RiEvoluzione Poetica

lunedì 4 aprile 2016

La musica dei nativi americani nelle cerimonie sacre



ALIAS – novembre 1998

Balla coi cervi


di Marco Cinque



Percorrendo all’indietro i sentieri di note dei nativi d’America, troviamo un ricchissimo patrimonio espresso, per lo più, nelle cerimonie sacre, nei pow wow (incontri intertribali), nelle survival schools (dove si insegna la cultura orale, propria dei nativi americani, apprendendo le specifiche identità e peculiarità), e negli album che raccolgono brani troppo etnici per essere capiti ed apprezzati dal vasto mercato mondiale della musica. In quest’ultimo caso, l’inevitabile scollamento delle note dalla parte figurata della musica tribale, determina anche una sua più difficile comprensione.
Negli amerindi il suono ha avuto sempre un valore altamente spirituale e sacrale. Questo è un ulteriore motivo che ne impedisce, particolarmente nelle composizioni di carattere religioso, una commercializzazione selvaggia e una conseguente svendita dei loro patrimoni culturali e musicali.
Le “voci di dentro” che esprimono le note intrise di pathos ancestrale, sono legate sostanzialmente ai riti e alle cerimonie sacre dei nativi. Tutte le varie deer dance, peyote dance, eagle dance, sun dance, ecc., si manifestano attraverso i suoni, coi passi cerimoniali e nei significati simbolici espressi con l’abbigliamento e gli accessori sacri.
La musica nativa è talvolta legata e interconnessa ad una sensazione poco gradita: la sofferenza. Ma il suono lenisce il dolore, è medicina per l’anima e per il corpo e favorisce il contatto col mondo magico e visionario.
I partecipanti alle cerimonie più dure sono sostenuti da una solida impalcatura di suoni; siano questi sibili di fischietti o pulsare di tamburi, raschio dei suonatori di raspe o i suoni gracchianti dei sonagli di zucche. La sofferenza si attenua avvolta in una “trance” di note che infondono coraggio, fiducia, determinazione.
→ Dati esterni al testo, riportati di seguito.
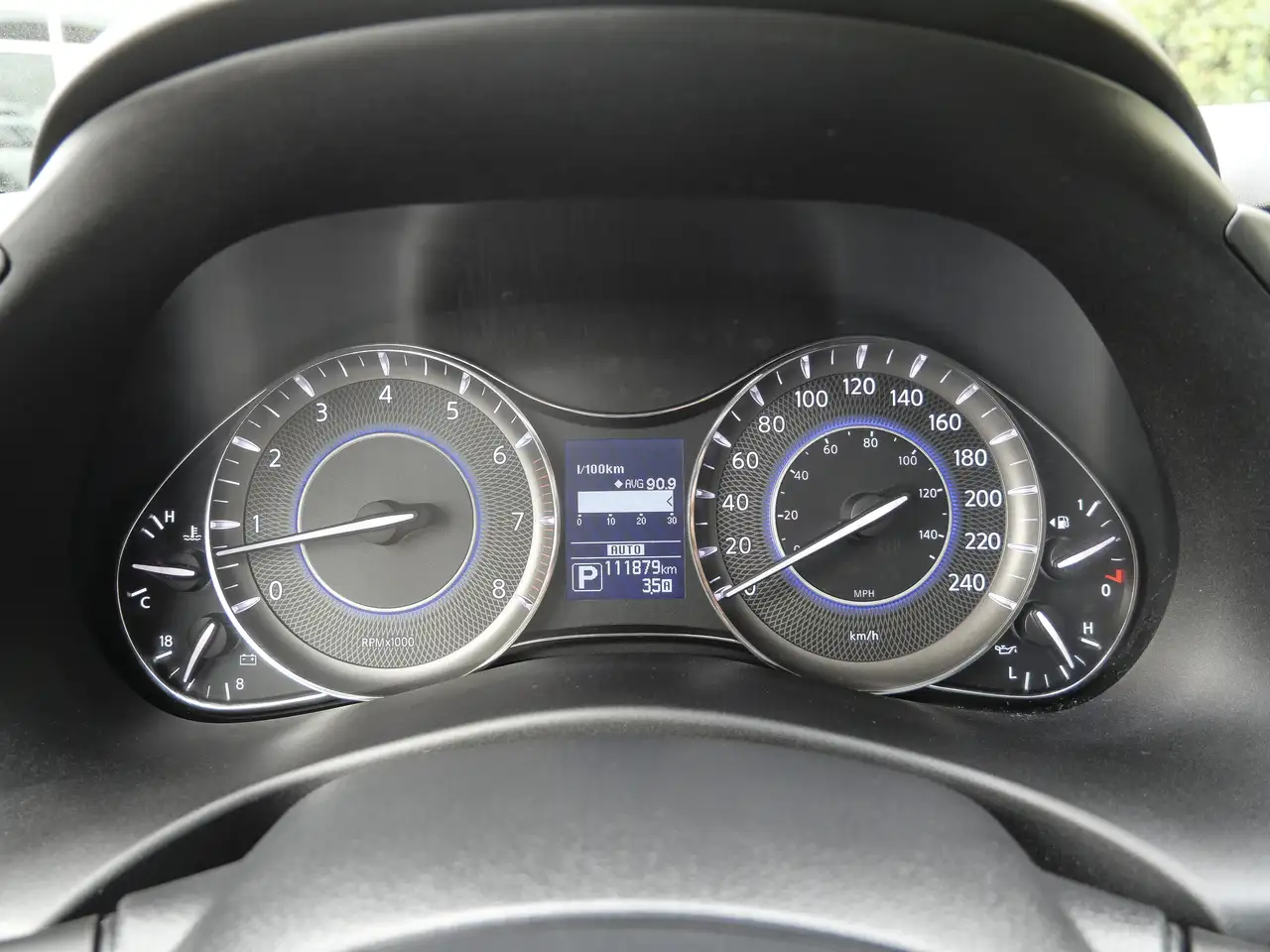Infiniti QX80 fotografie Infiniti QX80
Come ad esempio nella sofferta sun dance, dove ci si lascia lacerare le carni dei pettorali, fischiando ininterrottamente in un fischietto d’osso o di canna e danzando tra battiti di tamburo. O nella diffusissima sweat lodge (capanna sudatoria), dove talvolta si intonano canti che rievocano il ricordo ancestrale del travaglio della nascita. Nella sweat lodge è buio, caldo, umido e tutti quelli che vi partecipano sono nudi: un esplicito riferimento simbolico al ritorno nell’utero materno, dove si appianano i conflitti e dove tutti tornano uguali.
Ma il dolore che accompagna le musiche nelle cerimonie sacre non ha, come si potrebbe pensare, significati “masochistici” o retaggi di arcaico autolesionismo; funziona invece come rito di passaggio.
Tra gli indiani yaqui, che sono circa 30mila e vivono tra il Messico e l’Arizona, una delle cerimonie più diffuse è la deer dance (Danza del Cervo). Qui il danzatore si adorna con una testa di cervo fissata sul capo e con gli occhi bendati da un panno, a simboleggiare il mondo visto attraverso gli occhi dell’animale. Dalle estremità delle corna pendono dei fazzoletti variopinti e il danzatore – accompagnato dal ritmo dei tamburi ad acqua, dal suono del flauto e dallo sfregamento delle raspe – imposta i suoi passi impugnando due gourd rattles, cioè sonagli di zucca. L’intero addobbo si chiama rihutiam e rappresenta lo spirito di tutti i cervi che sono morti per far vivere gli umani. Se ci si concentra sulla testa del quadrupede, senza badare al danzatore, si ha la netta impressione di assistere alle movenze di un vero cervo. Per gli yaqui, il cervo (o Maso) è considerato come un fratello: saai maso è infatti la parola yaqui per dire “Fratello Cervo”.
Per farsi apprezzare dal resto del mondo, la musica nativa sta uscendo dai suoi percorsi sacri e dai riti cerimoniali; parlando (anche) l’inglese e intonando note occidentalizzate, però, mai dimentica dell’identità e dell’eredità lasciatale dai padri. Una musica, quindi, che si presta volentieri a farsi “contaminare”, ma che non cancella in nessun modo il ricordo di essere se stessa.